↓↓↓

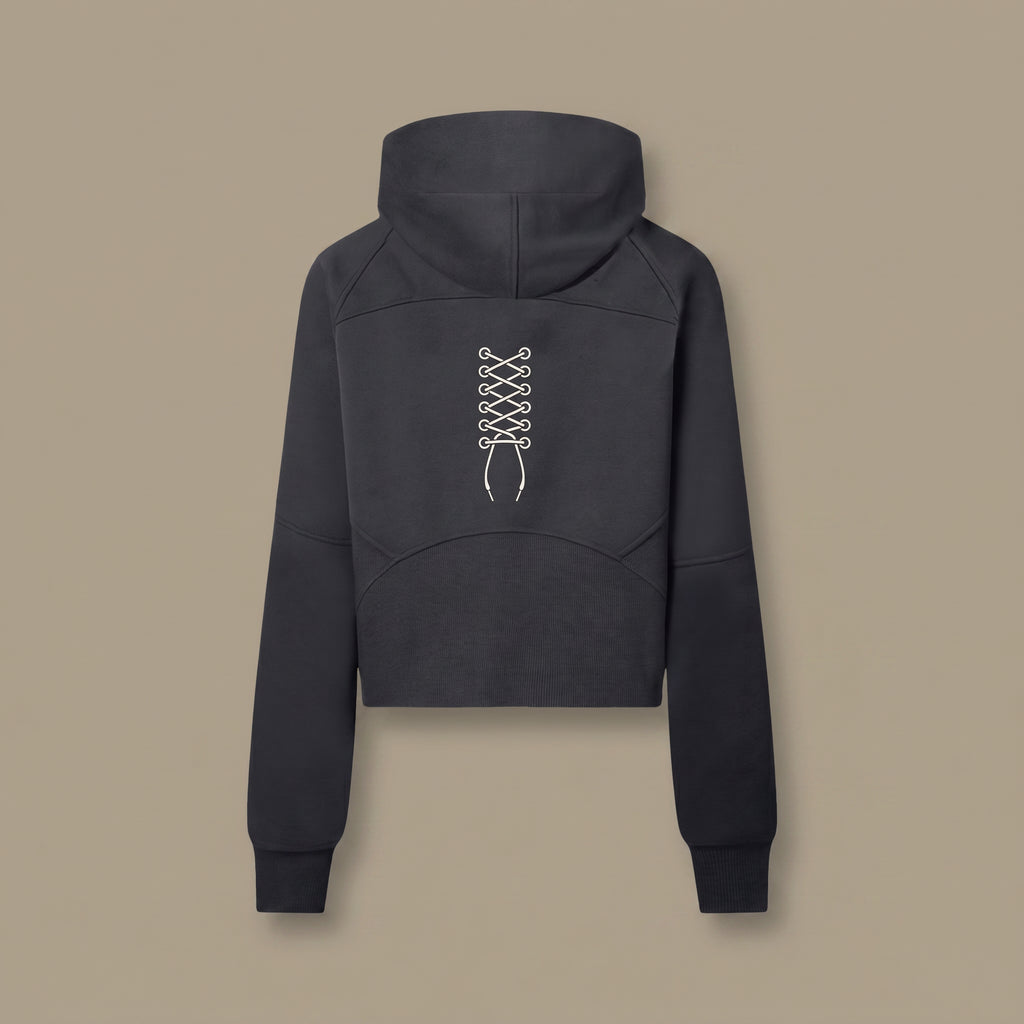 Cropped Half-Zip Hoodie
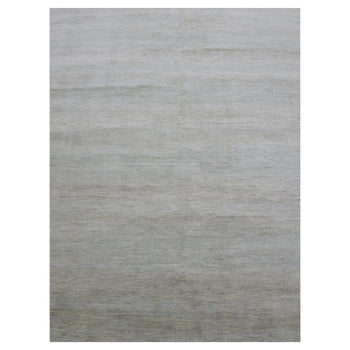 8'X10' Tempered Gray Grass Design Hand Knotted 100% Wool Oriental Rug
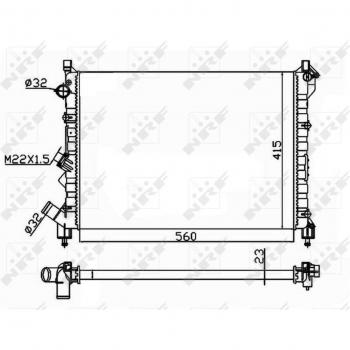 Radiador, refrigeración del motor Economy Class NRF 58943A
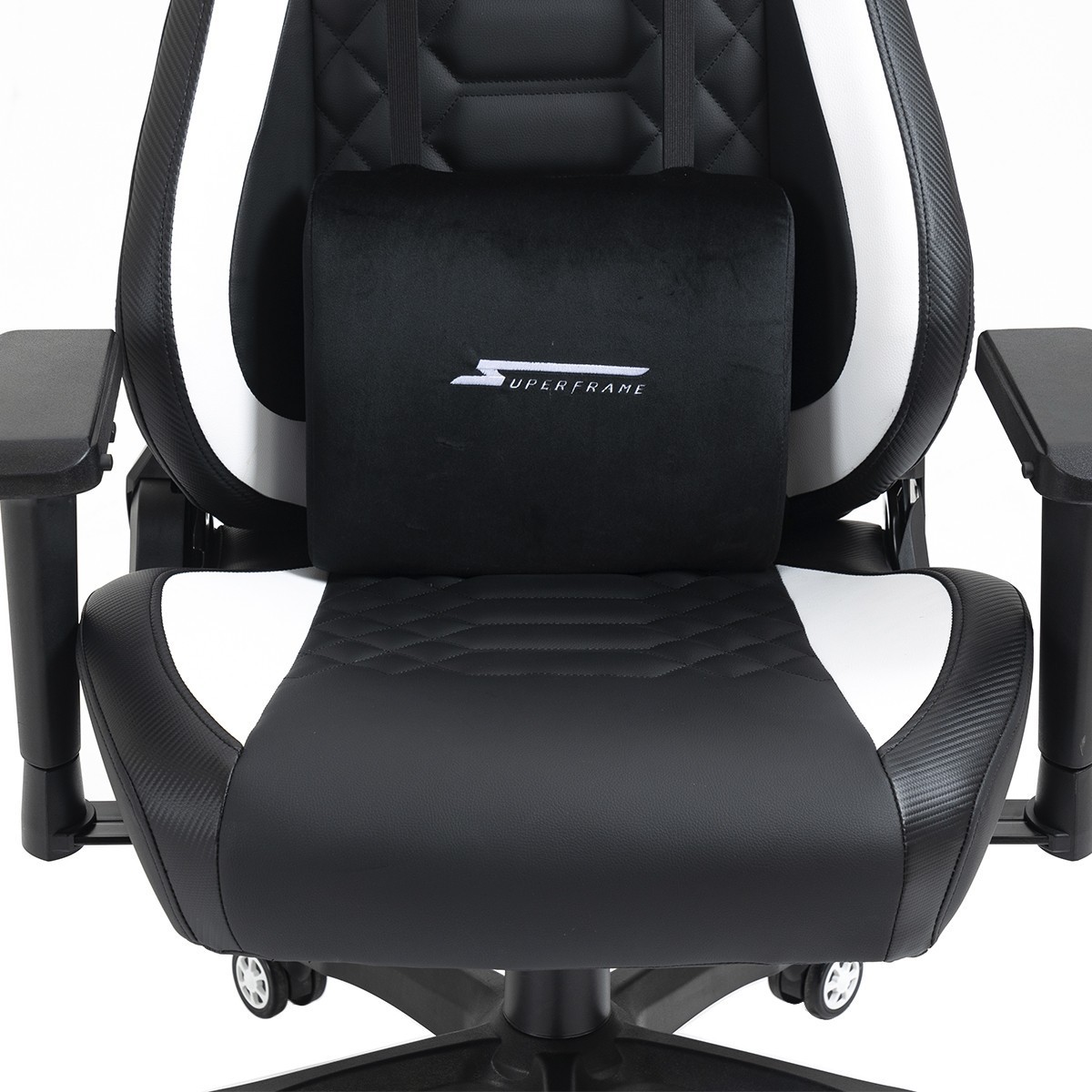 Cadeira Gamer SuperFrame Kong, Reclinável, Preto e Branco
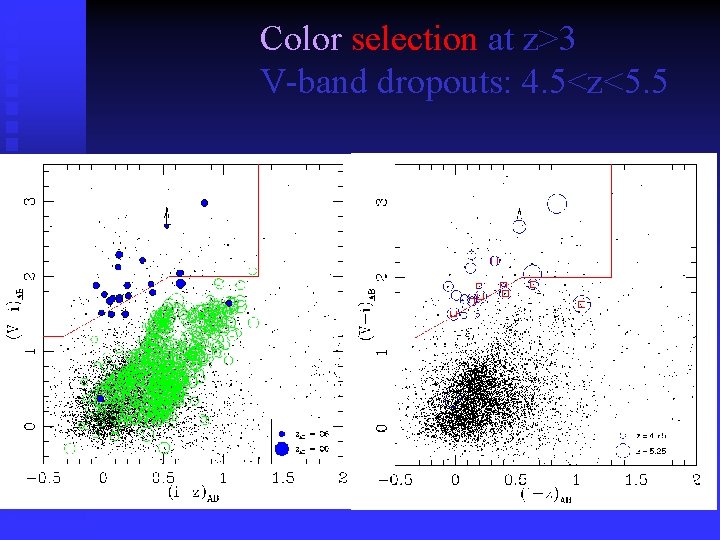 Color selection at z>3 V-band dropouts: 4. 5<z<5. 5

↑↑↑

**Activity**
Copy exactly the lines from the line that has "Radiador, refrigeración del" through the last line of the entries above, inclusive, and no others. Pictures do not go in the copy.

**Exercise output**
 Radiador, refrigeración del motor Economy Class NRF 58943A
 Cadeira Gamer SuperFrame Kong, Reclinável, Preto e Branco
 Color selection at z>3 V-band dropouts: 4. 5<z<5. 5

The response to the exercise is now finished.